Most of it is lost to air drag against your body.
After that, probably bike frame and wheel drag. That's where a narrower tire has some potential to "faster" you.
Finally, mechanical losses. This is drivetrain friction and rolling resistance from tires. This is where a tire with a better carcass has some potential to "faster" you.
You might see some improvement in speed at low speeds if you go to a different tire, especially if you have one that rolls like ass. Some stock tires for hybrids are pretty awful. Your highest speeds won't be effected much - those are all about air resistance. Sitting up and wide on a hybrid means that you lose more power to air resistance than if you were a bit lower and a bit narrower. You can actually get some of that with different setups, but I find it hard to make a flat bar bike comfortable like that, and my elbows still stick out; YMMV.

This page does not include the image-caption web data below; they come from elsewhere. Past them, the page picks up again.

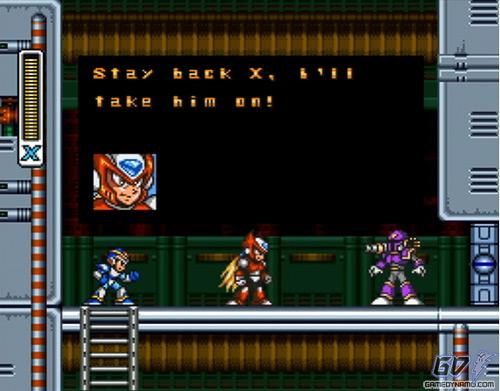 Mega Man X's background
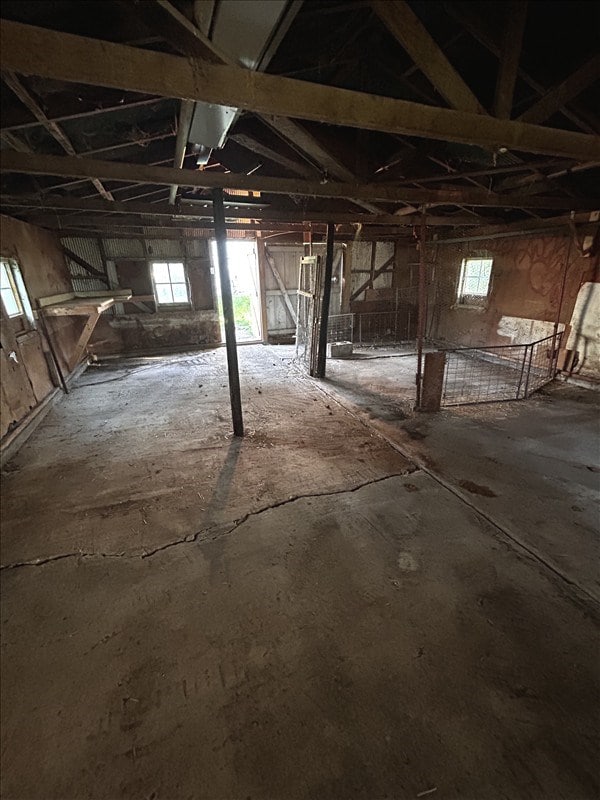 1617 N Church St, Marceline, MO 64658 - misc room with plenty of natural light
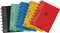 Adoc Classic schrift, ft A5, 144 bladzijden, commercieel geruit, geassorteerde kleuren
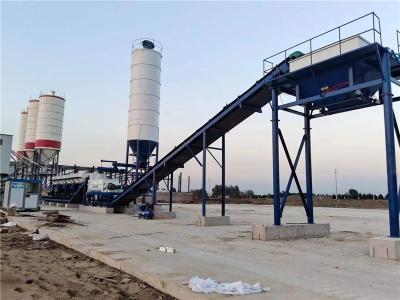 China 300t/H Stabilized Soil Mixing Plant Fixed Mixing Plant Equipment Computerized for sale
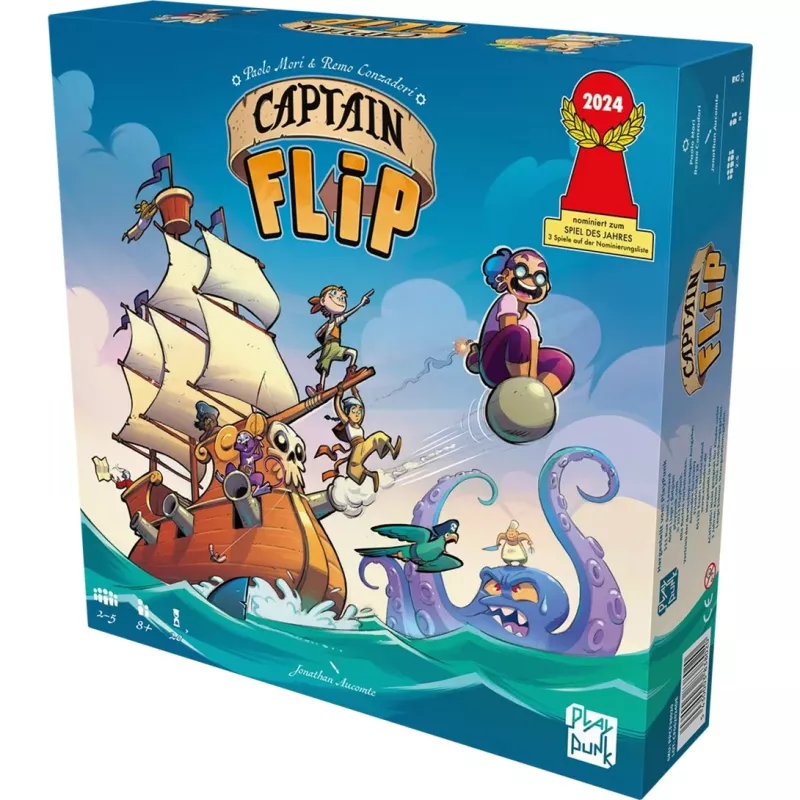 Captain Flip – Stalo žaidimas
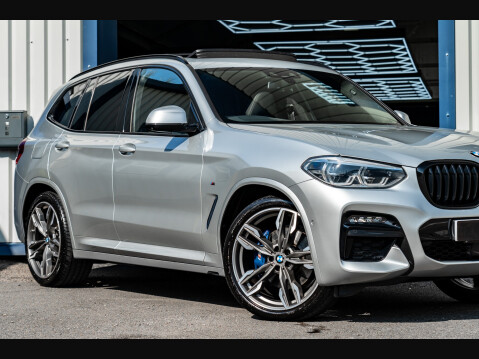 BMW X3 M40D 4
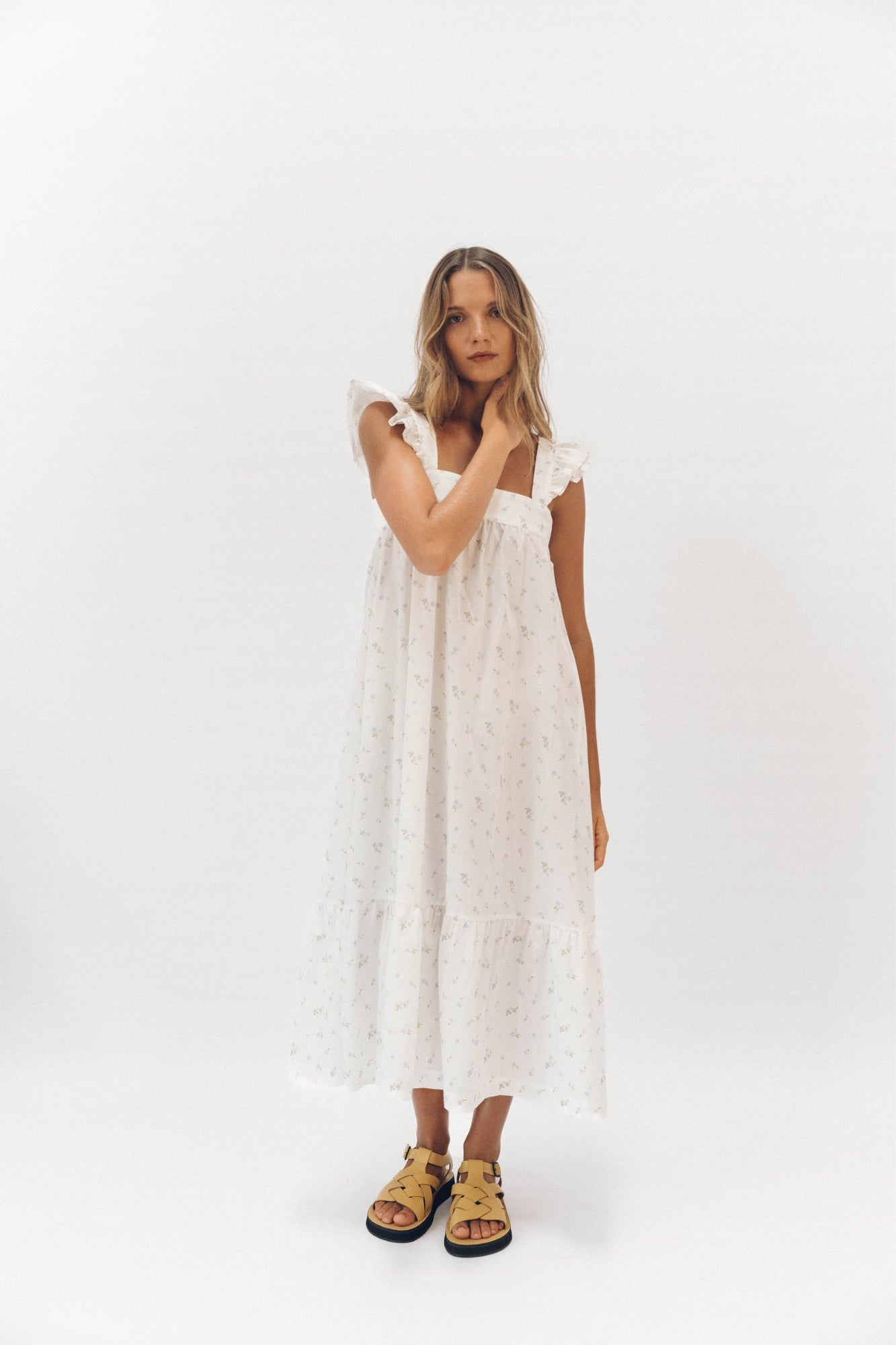 Midi tea hot sale dress australia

Anyway, I wouldn't worry about trying to go a lot narrower. 32 mm isn't too crazy a width. But if you have 20 tpi tires with extra rubber to prevent flats (Schwalbe makes some like this, can't imagine how they'd ride.

) you might be happier with 60 or 120 tpi tires with a lighter, more flexible puncture resistant device.
As far as what can go on your rim - Sheldon recommends a tire with an ETRTO width of 1.45 times the internal width of the rim as a minimum. I think that's a pretty good parameter - one wants a clincher to swell to a bit wider than where the bead hooks are to get a nice, firm connection, and it provides some protection for the rim. Hybrids are all over the place on rim width, so I won't speculate about what yours has. But it's likely to be on a sticker, or maybe stamped, on the rim somewhere. Or you can just take your tire off and measure.
IME, there is no advantage to higher pressure per se. For any given tire size, there are two good pressures for me - an on-road and an off-road pressure - and for a narrower tire, that pressure is higher. But the higher pressure is more of something I accept because I want a narrower tire.